Se fizermos um recorte para a Google, de acordo com seu site, em 2018 só esta empresa publicou 717 artigos sobre AI e a afins[8]. Para dados mais específicos, dentre as principais áreas de pesquisas da Google, dos 717 artigos, 377 foram na área de Machine Intelligence[9], 158 em Machine Perception[10] e 43 em Human-Computer Interaction and Visualization[11]. Sabendo dessas pesquisas, fica mais evidente como é que propagandas aparecem a todo momento em nossos computadores e celulares mostrando justamente o que gostaríamos de comprar. Quem nunca após fazer uma busca por um produto específico em site de vendas viu suas redes serem tomadas de propaganda de produtos semelhantes? Tudo isso é fruto da big data. Apesar do discurso apaziguador que permeia as mídias e outros meios liberais sobre a “importância” da big data na atualidade, como podemos ver no seguinte trecho retirar de uma matéria publicada no jornal El País:
“Os algoritmos que conduzem o aprendizado de máquina precisam de tantos dados e fontes quanto for possível. Quanto mais dados são inseridos, mais inteligente se torna e maior é seu potencial para a tomada de decisões. […] O encanto do aprendizado de máquina é que seus usos são quase ilimitados. Onde há valor para analisar rapidamente e ampliar a compreensão dos dados, existe um papel a desempenhar. Onde houver valor para identificar tendências ou anomalias em grandes conjuntos de dados, pode haver um efeito transformador, desde a pesquisa clínica até o cumprimento normativo e a segurança.”[12]
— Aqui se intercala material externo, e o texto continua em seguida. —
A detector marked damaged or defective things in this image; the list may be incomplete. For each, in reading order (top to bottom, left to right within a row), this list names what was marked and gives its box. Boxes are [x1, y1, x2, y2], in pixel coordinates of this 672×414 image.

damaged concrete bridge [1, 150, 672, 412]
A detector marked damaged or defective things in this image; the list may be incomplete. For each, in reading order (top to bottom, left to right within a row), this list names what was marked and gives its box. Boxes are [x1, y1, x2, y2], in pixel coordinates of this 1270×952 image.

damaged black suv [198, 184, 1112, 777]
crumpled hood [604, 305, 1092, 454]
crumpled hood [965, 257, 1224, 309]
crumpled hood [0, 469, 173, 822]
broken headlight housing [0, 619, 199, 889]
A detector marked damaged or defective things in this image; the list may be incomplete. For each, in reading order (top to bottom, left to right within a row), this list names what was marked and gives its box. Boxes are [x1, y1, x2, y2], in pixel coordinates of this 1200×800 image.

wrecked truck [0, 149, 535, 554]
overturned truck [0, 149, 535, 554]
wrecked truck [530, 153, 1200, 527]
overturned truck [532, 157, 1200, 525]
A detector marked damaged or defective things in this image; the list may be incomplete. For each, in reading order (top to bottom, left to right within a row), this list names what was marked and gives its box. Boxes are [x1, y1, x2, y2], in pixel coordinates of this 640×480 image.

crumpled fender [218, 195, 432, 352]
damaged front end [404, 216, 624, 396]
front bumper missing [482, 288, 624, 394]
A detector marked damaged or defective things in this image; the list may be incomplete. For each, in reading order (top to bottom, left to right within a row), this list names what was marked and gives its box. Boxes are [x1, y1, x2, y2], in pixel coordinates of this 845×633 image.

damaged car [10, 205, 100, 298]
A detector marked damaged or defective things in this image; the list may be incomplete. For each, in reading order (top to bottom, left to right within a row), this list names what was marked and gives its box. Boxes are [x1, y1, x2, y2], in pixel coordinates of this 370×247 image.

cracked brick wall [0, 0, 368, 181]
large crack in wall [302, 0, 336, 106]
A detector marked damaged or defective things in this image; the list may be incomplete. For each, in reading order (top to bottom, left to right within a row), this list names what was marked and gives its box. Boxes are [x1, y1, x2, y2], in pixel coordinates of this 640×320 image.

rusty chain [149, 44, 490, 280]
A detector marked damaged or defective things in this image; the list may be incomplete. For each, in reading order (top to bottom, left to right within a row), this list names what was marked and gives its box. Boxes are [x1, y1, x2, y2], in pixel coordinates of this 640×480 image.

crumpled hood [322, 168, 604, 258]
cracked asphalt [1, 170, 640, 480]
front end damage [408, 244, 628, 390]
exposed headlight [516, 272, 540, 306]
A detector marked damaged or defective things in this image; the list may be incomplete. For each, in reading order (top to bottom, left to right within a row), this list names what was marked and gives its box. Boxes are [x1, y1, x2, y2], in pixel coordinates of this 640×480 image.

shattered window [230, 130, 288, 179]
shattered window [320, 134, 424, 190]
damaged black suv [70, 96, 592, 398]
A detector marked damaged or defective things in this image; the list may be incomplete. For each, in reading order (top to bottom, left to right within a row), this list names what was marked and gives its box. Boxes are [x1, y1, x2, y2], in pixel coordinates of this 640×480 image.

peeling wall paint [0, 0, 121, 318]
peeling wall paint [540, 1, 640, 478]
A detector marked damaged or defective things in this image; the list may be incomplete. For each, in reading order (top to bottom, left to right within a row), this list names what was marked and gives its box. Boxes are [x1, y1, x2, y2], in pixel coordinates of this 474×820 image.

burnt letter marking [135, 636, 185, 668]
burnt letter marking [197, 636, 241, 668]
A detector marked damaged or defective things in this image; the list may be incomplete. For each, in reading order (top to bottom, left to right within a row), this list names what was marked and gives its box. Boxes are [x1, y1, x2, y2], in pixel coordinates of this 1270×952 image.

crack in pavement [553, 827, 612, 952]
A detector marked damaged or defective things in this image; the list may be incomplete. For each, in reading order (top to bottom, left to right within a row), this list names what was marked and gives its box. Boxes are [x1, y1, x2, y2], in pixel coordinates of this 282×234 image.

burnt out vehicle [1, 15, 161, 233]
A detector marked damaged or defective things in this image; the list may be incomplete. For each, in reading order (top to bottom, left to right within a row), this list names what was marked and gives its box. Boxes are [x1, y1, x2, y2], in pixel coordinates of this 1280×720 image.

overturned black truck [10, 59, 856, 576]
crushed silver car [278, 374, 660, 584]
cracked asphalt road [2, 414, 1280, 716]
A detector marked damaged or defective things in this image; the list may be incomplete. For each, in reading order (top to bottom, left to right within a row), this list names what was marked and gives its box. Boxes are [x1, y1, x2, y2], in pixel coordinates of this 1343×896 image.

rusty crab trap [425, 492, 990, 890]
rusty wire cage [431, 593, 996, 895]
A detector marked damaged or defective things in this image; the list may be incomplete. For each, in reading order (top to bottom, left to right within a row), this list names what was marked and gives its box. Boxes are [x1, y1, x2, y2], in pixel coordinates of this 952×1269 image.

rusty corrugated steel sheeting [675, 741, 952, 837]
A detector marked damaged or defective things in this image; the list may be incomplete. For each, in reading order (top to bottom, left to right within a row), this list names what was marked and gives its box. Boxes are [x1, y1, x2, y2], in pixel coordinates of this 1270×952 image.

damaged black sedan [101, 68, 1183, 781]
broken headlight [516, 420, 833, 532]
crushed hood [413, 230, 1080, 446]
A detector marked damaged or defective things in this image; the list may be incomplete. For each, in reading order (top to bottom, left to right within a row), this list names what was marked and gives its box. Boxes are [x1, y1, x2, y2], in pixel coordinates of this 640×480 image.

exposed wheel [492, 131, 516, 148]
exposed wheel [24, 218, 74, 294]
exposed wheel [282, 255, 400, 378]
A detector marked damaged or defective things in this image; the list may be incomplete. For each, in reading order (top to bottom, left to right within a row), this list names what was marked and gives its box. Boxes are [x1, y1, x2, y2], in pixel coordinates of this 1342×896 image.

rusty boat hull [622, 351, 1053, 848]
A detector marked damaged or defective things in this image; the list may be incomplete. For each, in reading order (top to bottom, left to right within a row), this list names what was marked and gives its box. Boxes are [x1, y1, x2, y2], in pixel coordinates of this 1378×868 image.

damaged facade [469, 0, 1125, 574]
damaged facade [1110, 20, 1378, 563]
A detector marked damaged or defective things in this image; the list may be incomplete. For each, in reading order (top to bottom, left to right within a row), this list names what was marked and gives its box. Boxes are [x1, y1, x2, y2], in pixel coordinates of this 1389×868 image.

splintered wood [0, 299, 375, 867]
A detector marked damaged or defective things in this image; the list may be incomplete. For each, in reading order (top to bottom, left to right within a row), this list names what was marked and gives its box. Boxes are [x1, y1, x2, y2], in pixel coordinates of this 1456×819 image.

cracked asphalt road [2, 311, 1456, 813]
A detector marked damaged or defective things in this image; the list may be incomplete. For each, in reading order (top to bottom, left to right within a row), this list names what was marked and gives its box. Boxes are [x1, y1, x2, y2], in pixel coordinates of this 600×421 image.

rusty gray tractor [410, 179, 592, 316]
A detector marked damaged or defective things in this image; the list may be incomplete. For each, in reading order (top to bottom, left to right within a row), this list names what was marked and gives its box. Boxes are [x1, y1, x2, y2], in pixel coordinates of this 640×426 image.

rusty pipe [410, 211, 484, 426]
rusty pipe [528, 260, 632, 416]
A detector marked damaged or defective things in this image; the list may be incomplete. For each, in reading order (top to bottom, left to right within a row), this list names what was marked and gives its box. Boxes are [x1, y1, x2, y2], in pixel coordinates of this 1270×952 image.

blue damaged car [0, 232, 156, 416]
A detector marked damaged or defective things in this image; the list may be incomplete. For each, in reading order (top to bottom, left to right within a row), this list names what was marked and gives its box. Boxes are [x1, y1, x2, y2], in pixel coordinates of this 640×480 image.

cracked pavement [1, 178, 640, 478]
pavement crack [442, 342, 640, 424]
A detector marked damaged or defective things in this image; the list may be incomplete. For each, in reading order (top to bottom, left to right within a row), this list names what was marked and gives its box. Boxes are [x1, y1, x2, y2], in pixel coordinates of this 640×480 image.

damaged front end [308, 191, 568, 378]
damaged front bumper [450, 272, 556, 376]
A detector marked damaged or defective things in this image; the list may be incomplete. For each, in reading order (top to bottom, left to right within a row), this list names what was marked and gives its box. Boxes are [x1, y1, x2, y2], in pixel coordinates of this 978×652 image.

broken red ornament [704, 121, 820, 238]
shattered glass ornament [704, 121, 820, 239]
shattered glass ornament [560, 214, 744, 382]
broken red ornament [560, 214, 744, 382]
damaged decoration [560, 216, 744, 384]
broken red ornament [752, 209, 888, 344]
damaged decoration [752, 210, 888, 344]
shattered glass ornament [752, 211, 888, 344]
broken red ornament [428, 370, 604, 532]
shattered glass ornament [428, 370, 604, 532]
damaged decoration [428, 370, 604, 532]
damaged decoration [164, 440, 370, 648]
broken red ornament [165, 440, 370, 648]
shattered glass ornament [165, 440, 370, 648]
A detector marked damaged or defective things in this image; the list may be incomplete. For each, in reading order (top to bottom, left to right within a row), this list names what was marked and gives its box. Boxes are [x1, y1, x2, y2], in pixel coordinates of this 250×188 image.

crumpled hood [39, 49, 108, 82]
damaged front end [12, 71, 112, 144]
Cabe pontuar que quando falam de fontes e dados, as fontes somos nós e os dados são nossas individualidades, interesses, informações de maneira geral. Será que essa quantidade imensurável de informações deveria estar sob controle de empresas?
A Era da Informação (ditadura virtual?)
No dia 12 de julho de 2019 o jornal El País publicou uma matéria onde, após a divulgação de mais de mil vazamentos de áudios por uma emissora belga, a empresa Google vai a público e admite que são ouvidas 0,2% das conversas das pessoas em todo o mundo, com a justificativa de melhorar a prestação de serviços[13]. Poucos tempo depois, no dia 23 de julho, outra matéria é publicada neste mesmo jornal, onde transcritores que trabalham para a Google admitem que realmente ouvem mensagens pessoais nossas com o objetivo de melhorar a assistente de voz[14]. Mais recentemente, no dia 22 de outubro, vem a tona o depoimento de um ex funcionário da empresa revelando que a Google pode acessar todos os documentos que guardamos na nuvem[15]. É importante dizer que, ao contrário da proposital impressão causada em nós de que quando guardamos arquivos na nuvem eles não estão em local nenhum, simplesmente desvanecem no ar, todas as informações são armazenadas em locais chamados data centers, também gerenciados por essas empresas.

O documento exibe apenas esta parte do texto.